Tabiî, bunlar, akla ilk gelen ihtimaller... Bir de, dün de yazdığım gibi; Filistinli komutanlardan Mahmud el-Mabhuh’a 19 Ocak 2010’da Dubai’de düzenlenen “suikast” var... Orada da “otel odası”nın kapısı hiç “zorlanmamış” ama, “tanıdık birileri” tarafından değil, “4 MOSSAD ajanı” tarafından “elektronik cihaz”lar kullanılarak açılmış!..
Demem o ki;
Bu tür suikastlar, illa da “tanıdık birileri” tarafından işlenmez... Bu tür “profesyonel” cinayetler, MOSSAD gibi “istihbarat örgütleri” tarafından da “elektronik cihaz”lar kullanılarak işlenebilir!..
Bu ihtimali de,
Gözden ırak tutmamak gerekir.
FAİLLER KİMLER OLABİLİR?
“Maktûl”ler, “cinayet yeri” ve “faillerin metodları” ile ilgili bilgi ve tahminlerden sonra, gelelim “cinayetleri kimlerin işlemiş olabileceği” meselesine...
Burada da “birçok ihtimal” var.
Onlar da şöyle sıralanıyor:
l Bölgede “kaçakçılık”tan elde edilen milyarlarca dolarlık rantı paylaşanlar!..
l Şimdilik kabuğuna çekilmiş gibi görünse de pusuda bekleyen derin devlet yapılanması...
l PKK’nın dağda kalmasından maddi ve şahsi çıkar sağlayan örgüt içindeki irili ufaklı derin fraksiyonlar!..
l Ortadoğu’da üretilen “uyuşturucu”yu Türkiye üzerinden Avrupa’ya taşıyan uluslararası uyuşturucu kartelleri!..
l Silah kaçakçıları!..
l Türkiye’de terörü ve derin devleti farklı projelerde ‘taşeron’ olarak kullanan yabancı istihbarat birimleri!..
Yani, bu cinayetlerde “hepsinin parmağı” olabilir... “Tetiği çeken” kim olursa olsun, bu cinayet, nihayetinde “hepsinin işine yarıyor!”
İMRALI KORUNAKLI OLMASA!
Gelelim, yazı başlığındaki iddiaya...
Başbakan Tayyip Erdoğan, Senegal’de iken açıklamada dedi ki;
“Öcalan’a ev hapsi diye bir olay sözkonusu değil.
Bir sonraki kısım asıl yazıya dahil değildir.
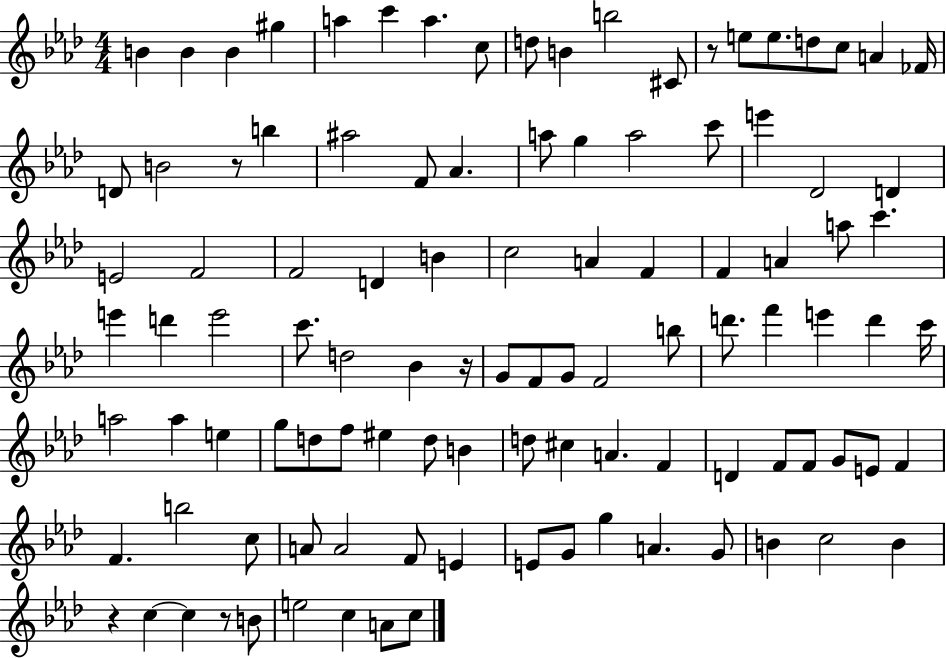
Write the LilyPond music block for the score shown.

{
  \clef treble
  \numericTimeSignature
  \time 4/4
  \key aes \major
  \repeat volta 2 { b'4 b'4 b'4 gis''4 | a''4 c'''4 a''4. c''8 | d''8 b'4 b''2 cis'8 | r8 e''8 e''8. d''8 c''8 a'4 fes'16 | \break d'8 b'2 r8 b''4 | ais''2 f'8 aes'4. | a''8 g''4 a''2 c'''8 | e'''4 des'2 d'4 | \break e'2 f'2 | f'2 d'4 b'4 | c''2 a'4 f'4 | f'4 a'4 a''8 c'''4. | \break e'''4 d'''4 e'''2 | c'''8. d''2 bes'4 r16 | g'8 f'8 g'8 f'2 b''8 | d'''8. f'''4 e'''4 d'''4 c'''16 | \break a''2 a''4 e''4 | g''8 d''8 f''8 eis''4 d''8 b'4 | d''8 cis''4 a'4. f'4 | d'4 f'8 f'8 g'8 e'8 f'4 | \break f'4. b''2 c''8 | a'8 a'2 f'8 e'4 | e'8 g'8 g''4 a'4. g'8 | b'4 c''2 b'4 | \break r4 c''4~~ c''4 r8 b'8 | e''2 c''4 a'8 c''8 | } \bar "|."
}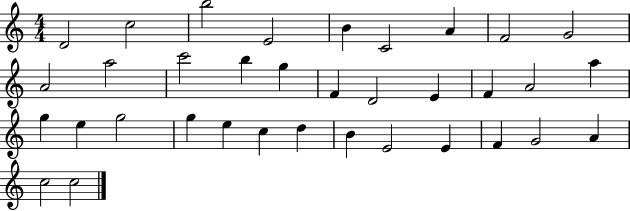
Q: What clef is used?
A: treble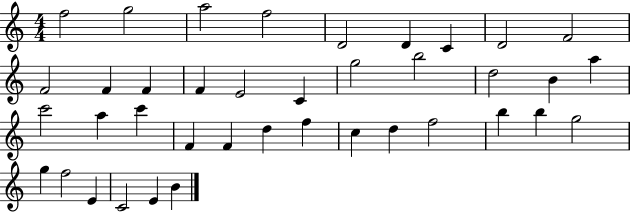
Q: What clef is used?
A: treble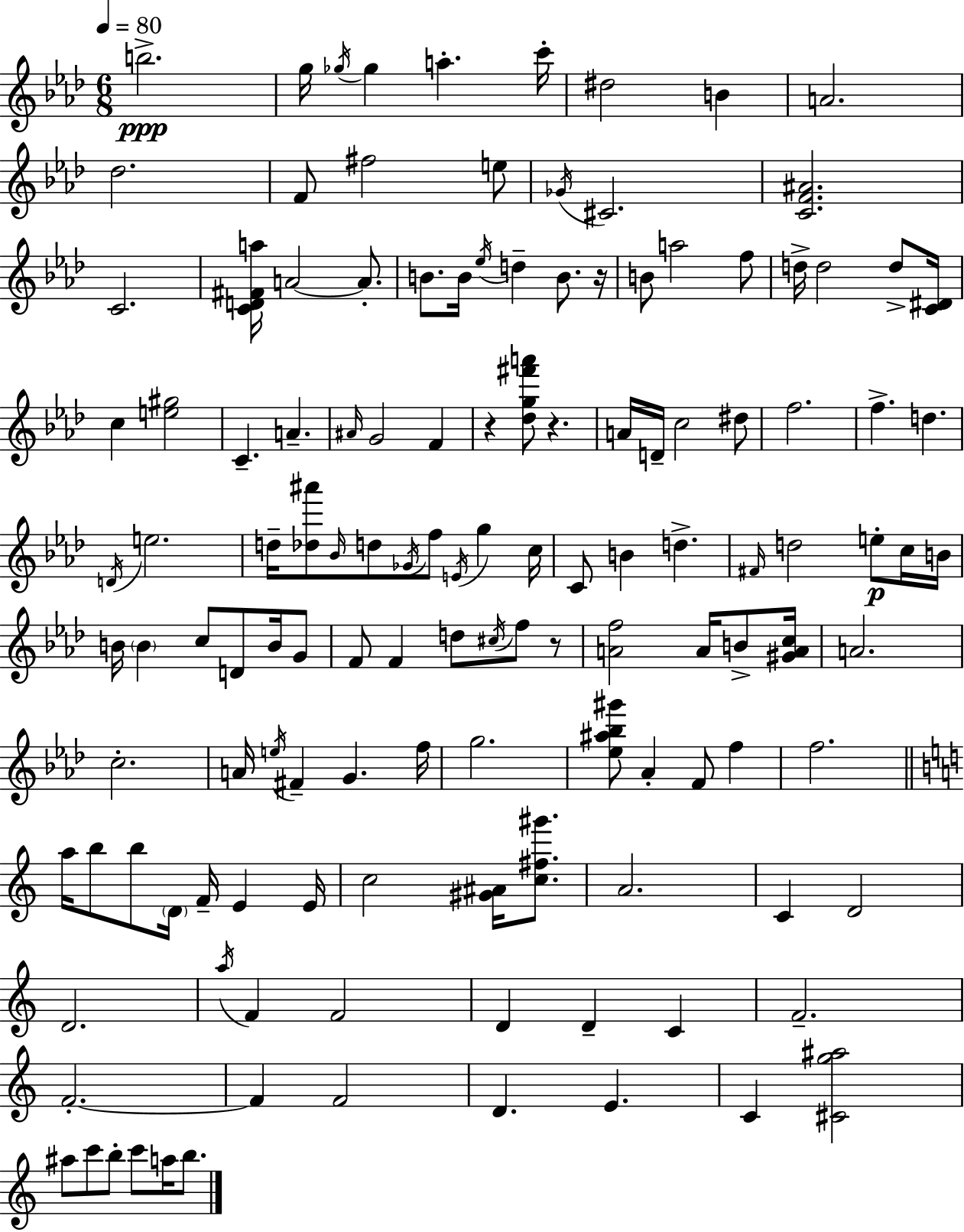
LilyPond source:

{
  \clef treble
  \numericTimeSignature
  \time 6/8
  \key f \minor
  \tempo 4 = 80
  b''2.->\ppp | g''16 \acciaccatura { ges''16 } ges''4 a''4.-. | c'''16-. dis''2 b'4 | a'2. | \break des''2. | f'8 fis''2 e''8 | \acciaccatura { ges'16 } cis'2. | <c' f' ais'>2. | \break c'2. | <c' d' fis' a''>16 a'2~~ a'8.-. | b'8. b'16 \acciaccatura { ees''16 } d''4-- b'8. | r16 b'8 a''2 | \break f''8 d''16-> d''2 | d''8-> <c' dis'>16 c''4 <e'' gis''>2 | c'4.-- a'4.-- | \grace { ais'16 } g'2 | \break f'4 r4 <des'' g'' fis''' a'''>8 r4. | a'16 d'16-- c''2 | dis''8 f''2. | f''4.-> d''4. | \break \acciaccatura { d'16 } e''2. | d''16-- <des'' ais'''>8 \grace { bes'16 } d''8 \acciaccatura { ges'16 } | f''8 \acciaccatura { e'16 } g''4 c''16 c'8 b'4 | d''4.-> \grace { fis'16 } d''2 | \break e''8-.\p c''16 b'16 b'16 \parenthesize b'4 | c''8 d'8 b'16 g'8 f'8 f'4 | d''8 \acciaccatura { cis''16 } f''8 r8 <a' f''>2 | a'16 b'8-> <gis' a' c''>16 a'2. | \break c''2.-. | a'16 \acciaccatura { e''16 } | fis'4-- g'4. f''16 g''2. | <ees'' ais'' bes'' gis'''>8 | \break aes'4-. f'8 f''4 f''2. | \bar "||" \break \key c \major a''16 b''8 b''8 \parenthesize d'16 f'16-- e'4 e'16 | c''2 <gis' ais'>16 <c'' fis'' gis'''>8. | a'2. | c'4 d'2 | \break d'2. | \acciaccatura { a''16 } f'4 f'2 | d'4 d'4-- c'4 | f'2.-- | \break f'2.-.~~ | f'4 f'2 | d'4. e'4. | c'4 <cis' g'' ais''>2 | \break ais''8 c'''8 b''8-. c'''8 a''16 b''8. | \bar "|."
}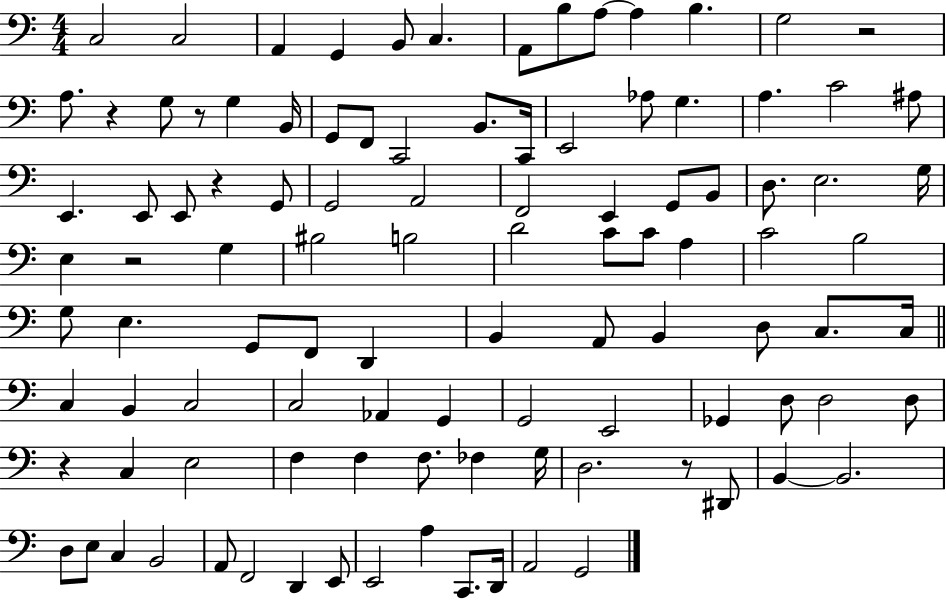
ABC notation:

X:1
T:Untitled
M:4/4
L:1/4
K:C
C,2 C,2 A,, G,, B,,/2 C, A,,/2 B,/2 A,/2 A, B, G,2 z2 A,/2 z G,/2 z/2 G, B,,/4 G,,/2 F,,/2 C,,2 B,,/2 C,,/4 E,,2 _A,/2 G, A, C2 ^A,/2 E,, E,,/2 E,,/2 z G,,/2 G,,2 A,,2 F,,2 E,, G,,/2 B,,/2 D,/2 E,2 G,/4 E, z2 G, ^B,2 B,2 D2 C/2 C/2 A, C2 B,2 G,/2 E, G,,/2 F,,/2 D,, B,, A,,/2 B,, D,/2 C,/2 C,/4 C, B,, C,2 C,2 _A,, G,, G,,2 E,,2 _G,, D,/2 D,2 D,/2 z C, E,2 F, F, F,/2 _F, G,/4 D,2 z/2 ^D,,/2 B,, B,,2 D,/2 E,/2 C, B,,2 A,,/2 F,,2 D,, E,,/2 E,,2 A, C,,/2 D,,/4 A,,2 G,,2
Bu konuda her şey kesinleşmiştir ve Öcalan’ın konumu, yeri her şey bellidir. Öcalan’ın kaldığı yer 12 metrekarelik bir odadır. Radyosu vardı, şimdi o radyoyu televizyon ile değiştirecekler. Ben talimatı vereli epey oldu. Bir televizyonu oraya koyun dedim.”
Ve ekledi:
“Öcalan’ın kaldığı İmralı Cezaevi dünya standartlarında bir cezaevidir!”
Mahir Kaynak’ın kızı Deniz Ülke Arıboğan da; İmralı Cezaevi ve Öcalan’la ilgili olarak, önceki gün şunları yazdı:
“Şurası kesin ki bu savaştan nemalananlar, müzakerelerin sürmesinden hoşnut değil. Bu sefer çok kararlı adımların atıldığını düşünüyor ve özellikle de Öcalan’ın devreye girmesinden endişe ediyorlar.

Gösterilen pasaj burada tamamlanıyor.